- Poster
- Directed by: R. Aravindraj
- Written by: R. Aravindraj
- Produced by: Madampatti Sivakumar
- Starring: Sathyaraj Radhika
- Cinematography: A. Ramesh Kumar
- Edited by: G. Jayachandran
- Music by: Manoj–Gyan
- Production company: Chemba Movies
- Release date: 16 February 1989;
- Country: India
- Language: Tamil

= Thaai Naadu =

Thaai Naadu is a 1989 Indian Tamil-language political action film, written and directed by R. Aravindraj. The film stars Sathyaraj and Radhika. It was released on 16 February 1989. The film was remade in Bengali Bangladesh as Atim Raja in 1998.

== Plot ==
In the 1960s, a military officer Tamizhmani is accused, inequitably, of giving intelligence to the enemy, during an operation, code named Day Break. Before he can bring out the truth, he is murdered. The murder was made up as a suicide by the criminals. Four of Tamizhmani's subordinates are suspected: his comrades-in-arms who said they were his friends. Tamizhmani's name banished forever, and his family was delivered to the vindication of the people, who set their place of residence on fire, in reprisal. Tamizhmani's son Anandhan, informed of his origins, starts an investigation to restore his honor and find the real culprits.

== Soundtrack ==
The music was composed by Manoj–Gyan, with lyrics by Aabavanan.

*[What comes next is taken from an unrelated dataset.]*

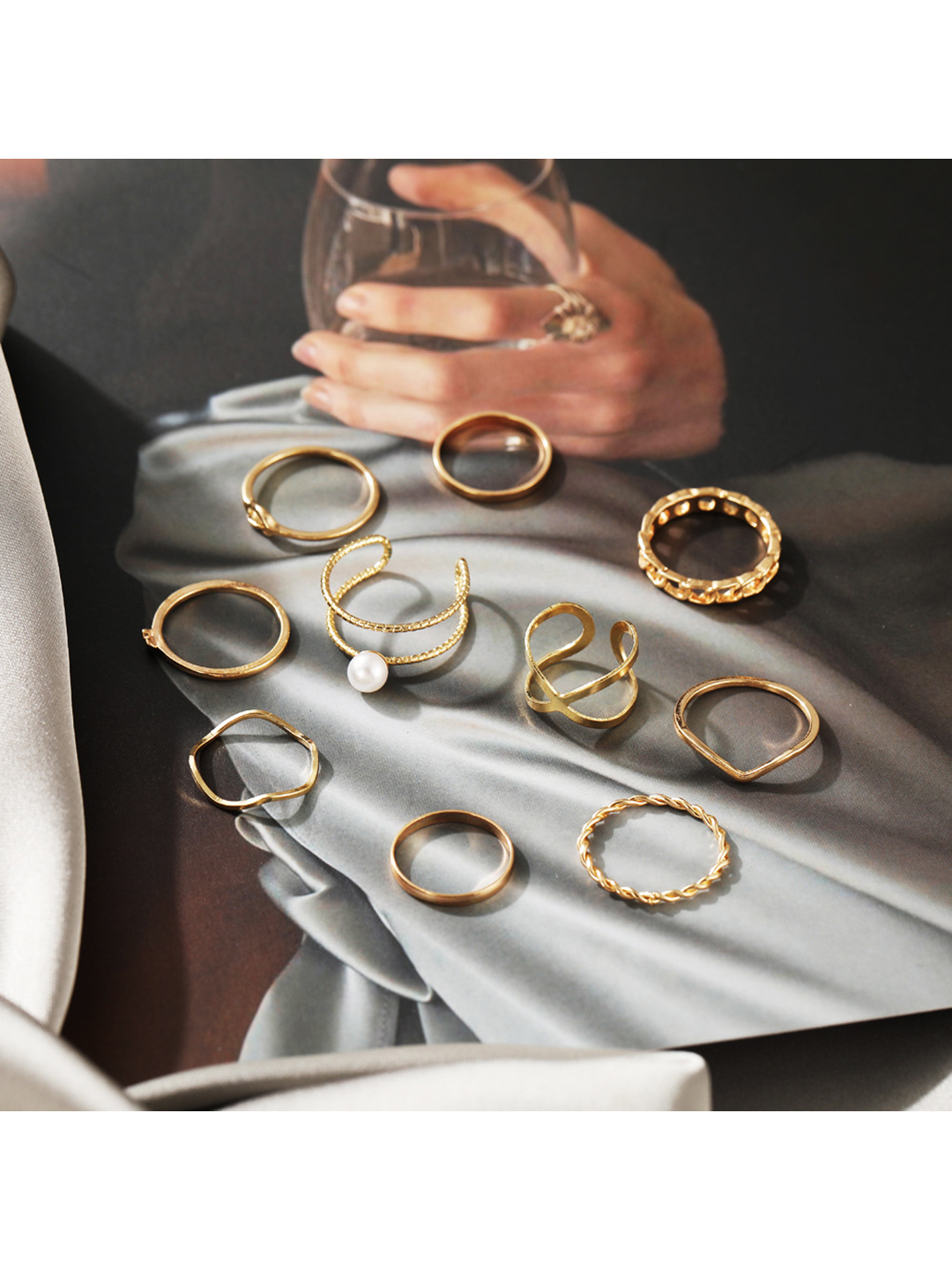 Gold Plated 10 Piece Infnity Chain Ring Set Gender: Women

| Song | Singers | Length |
|---|---|---|
| "Naan Mudhan Mudhal" | T. M. Soundararajan, P. Susheela | 05:05 |
| "Oh Kangale" | T. M. Soundararajan, Malaysia Vasudevan | 04:47 |
| "Oru Mullai Poo" | T. M. Soundararajan, P. Susheela | 05:30 |
| "Thaai Maman" | T. M. Soundararajan, Vani Jairam | 05:11 |
| "Thaalam Thatti" | T. M. Soundararajan | 04:33 |

== Reception ==
N. Krishnaswamy of The Indian Express wrote, "A routine story of revenge flashily told with the script adopting a zig-zag course to hide away the cliches".